Much like Andy looked at the world with a wide-eyed optimism, Mr. Carell conveys a calm sense of peace and happiness as he explains why his role choices are so often positive characters.
"I tend to gravitate toward things that lack cynicism," says Mr. Carell, who is currently writing his first script since "Virgin." "I feel there is so much cynicism on a daily basis, and I get tired of it. I like things that are even vaguely hopeful. You look at a movie like [his acclaimed 2006 sleeper hit] 'Little Miss Sunshine,' and it doesn't necessarily end happily, but it ends hopefully. Which isn't to say they're all going to be best friends from there on out, but there's going to be change, and there's going to be a better life for those people from there on out. I like that."
Even while playing the thoughtlessly cruel Trent in "The Way, Way Back," Mr. Carell tried — in keeping with his belief that "I don't think everyone is as mean or as nice as you think they are" — to find the root causes behind the character's distant exterior. "I think he thinks he is providing a service to this 14-year-old kid, but when you examine it, he's doing great damage to this kid's psyche," explains Mr. Carell. "But I don't think he has a bad heart, or is a bad person. That's always intriguing to play, to approach it not as a villain but as someone who has troubles and probably didn't have the best upbringing himself. It's kind of sad when people are trying to be a certain way but just don't have the capability to do what they need to do."

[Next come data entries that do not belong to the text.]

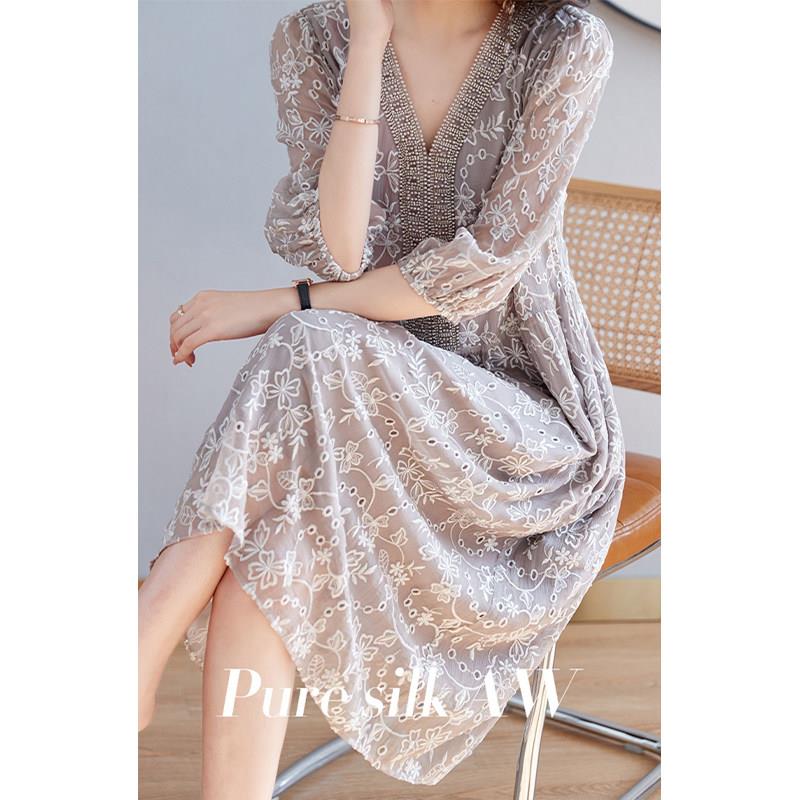 高级感2025新款真丝可外穿家居服睡裙夏季女款中袖夏天桑蚕丝睡衣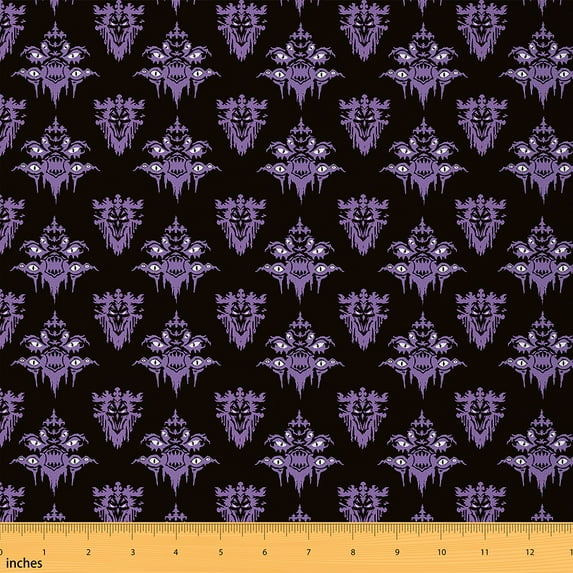 jejeloiu Baroque Gothic Theme Fabric by the Yard 1 Yard,Damask Print Home Decor Fabric by the Yard,Black Purple Sewing Fabric For Adults,Ultra Soft Bedroom Decoration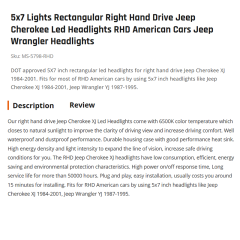 5x7 Lights Rectangular Right Hand Drive Jeep Cherokee Led Headlights RHD American Cars Jeep Wrangler Headlights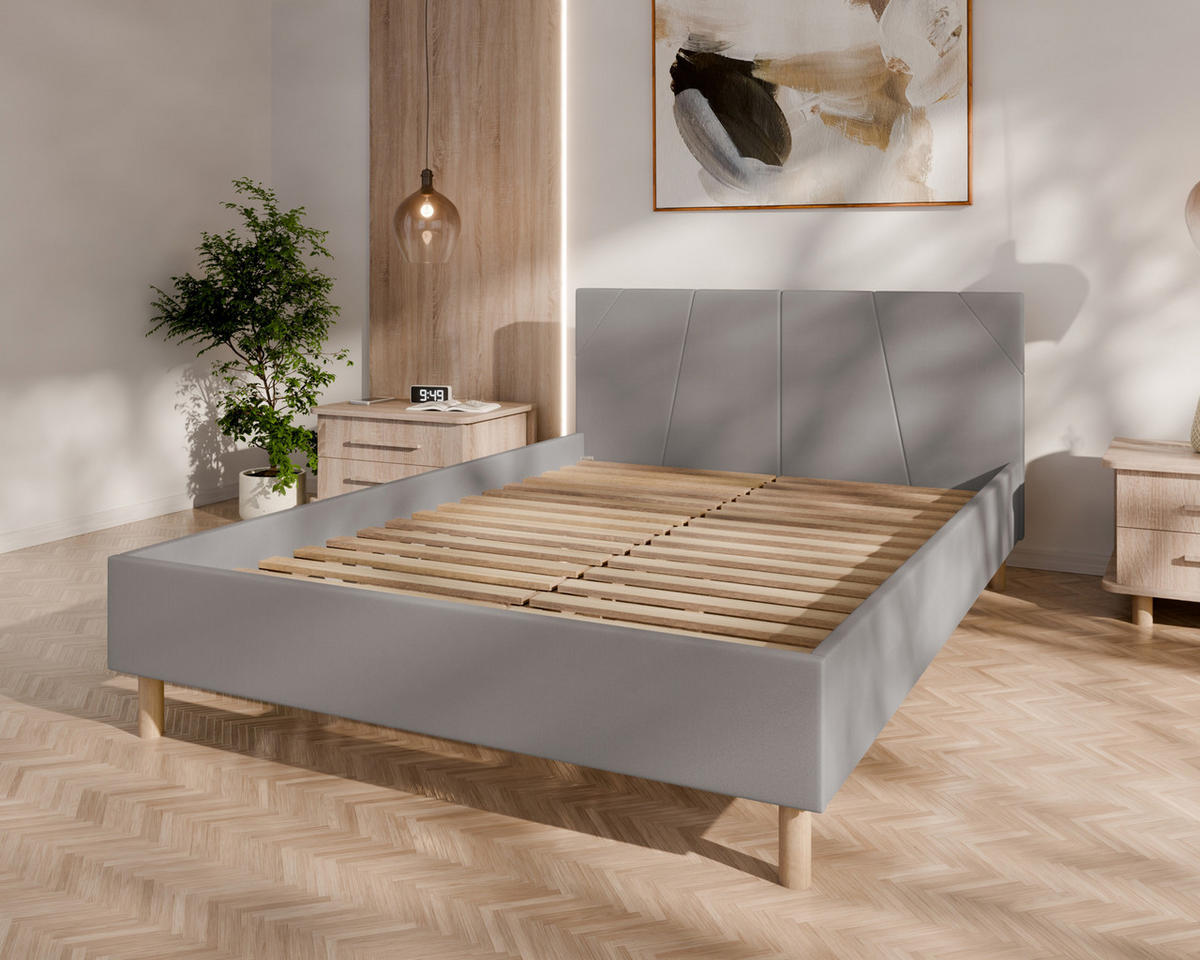POLSTERBETT ALMORE 140x200cm, 7-Zonen-Taschenfederkernmatratze mit Kokos ARLAN (21 cm), stahl - Dunkelgrau, Holz (140/200cm) - Homesy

In the end, despite all the hit movies and an iconic TV series and many more successes no doubt headed his way, it isn't Hollywood that drives Mr. Carell and gives him purpose in life.
"The most important things to me are my wife and children, truly," says Mr. Carell. "At the end of my life, when all is said and done, that's what I'm going to reflect on when I look back on my life. Not what roles I did, what movies or TV shows, so that's it for me. I love this job, but no matter where I am I can't wait to get back home."